WATERSTONES ENDS UNPAID SLAVE LABOUR WORK PROGRAMME PLACEMENTS AFTER INVESTIGATION
Waterstones, Sainsbury’s, TK Maxx, Superdrug – the workfare roll of shame
By Will Heaven Politics Last updated: February 22nd, 2012
I’ve done time behind the till at Waterstones, and wouldn’t wish it on anyone. For every pointy-headed customer asking, “Why would you run out of copies of The Waste Land?”, you have to deal with five who are buying the third instalment of Jordan’s autobiography (it’s called Jordan: Pushed to the limit). Throw into the mix a few shoplifting Manga addicts, and that’s your average Waterstones shift. It’s better than flipping burgers – but not by much.
A serious question, though: is it wrong for a company like Waterstones to give work to a jobless 16 to 24 year-old without paying them? Perhaps in those stark terms, the answer would be yes.
OK, how about if the youngster in question was on jobseeker’s allowance (and had been for 3 months) and only had to work voluntarily for 25-30 hours a week.

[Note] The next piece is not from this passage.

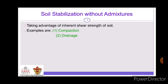As we have discussed, Soil Stabilization without admixture is a method of Soil Stabilization. In this category there are two subcategories: Compaction and Drainage. Soil Stabilization without admixture means taking advantage of the inherent shear strength of soil — the inherent properties are used to increase its strength.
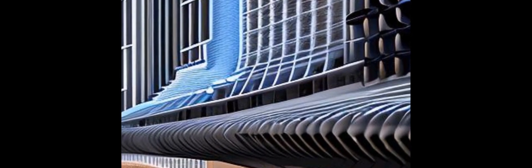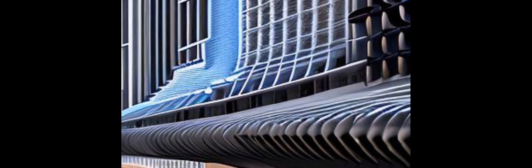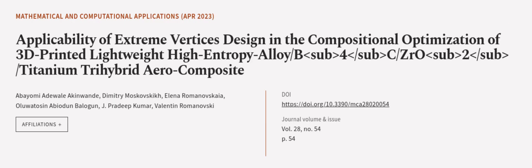and 2.4% ZrO2. This article was authored by Abayomi Adewale Akinwande, Dmitry Moskovskikh, Elena Romanovskaia, and others.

Those – and the fact that quitters have their benefits stopped for two weeks – are the terms of the government’s Work Experience scheme, based on a similar US scheme started by Bill Clinton. By November last year, 34,200 people had agreed to them in Britain. So why is the UK Uncut crowd hot under the collar?
The answer is because of people like James Moorehead, a 24-year-old “computer games programming graduate” who, according to a story in the Guardian, “resented the idea of stacking shelves, taking deliveries and doing stock-taking for no wage”. He was made to work at Maplin, the electronics retailer, for a whole eight weeks (and got paid work with them at the end of it).
It breaks your heart, doesn’t it? The Boycott Workfare campaign is outraged – the scheme “profits the rich by providing free labour, whilst threatening the poor by taking away welfare rights”, they say.
The argument doesn’t really work with companies like Waterstones and Maplin, who both made comparably little profit in 2011. But even with other “offenders” like Tesco, the argument boils down to this idea: welfare claimants shouldn’t have to work at all for their benefits, because that’s their “right”.
Which is why I think the companies who’ve pulled out of the scheme have shown such contemptible cowardice. The roll of shame is getting longer: Sainsbury’s, Waterstones, Shelter, Marie Curie, 99p stores, Mind and Disability Works group… Others, who’ve suspended their involvement, include Scope, Matalan, Argos and Superdrug.
These organisations have pulled out of a scheme that, in the words of Nick Clegg, “helps people into work at a time of high unemployment” – and all because of a few articles on Comment is Free, small scale street protests, and a hounding from the Twitterati. Shame on them. Must 2012 be the year of mob rule?